RECORD EXCERPTS —

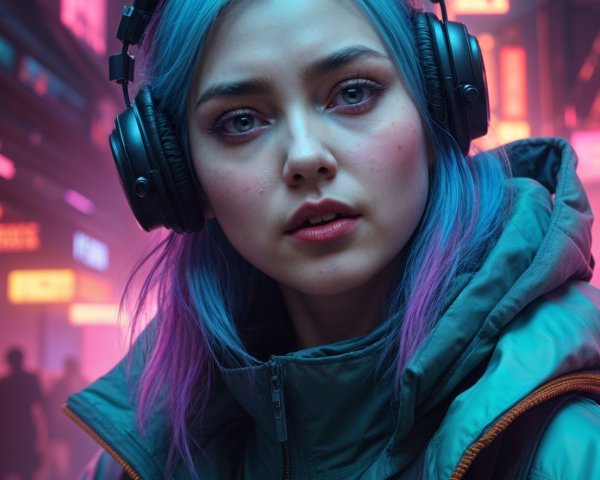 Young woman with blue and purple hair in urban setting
...
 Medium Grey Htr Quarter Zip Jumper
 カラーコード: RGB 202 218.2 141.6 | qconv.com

PROBLEM TO WORK ON —
In the entries above, find the line with "Medium Grey Htr Quarter Zip Jumper" and the line with "カラーコード: RGB 202 218.2 141.6 | qconv.com", then restate word for word both of them and every line between, with nothing more.

WRITTEN ANSWER —
 Medium Grey Htr Quarter Zip Jumper
 カラーコード: RGB 202 218.2 141.6 | qconv.com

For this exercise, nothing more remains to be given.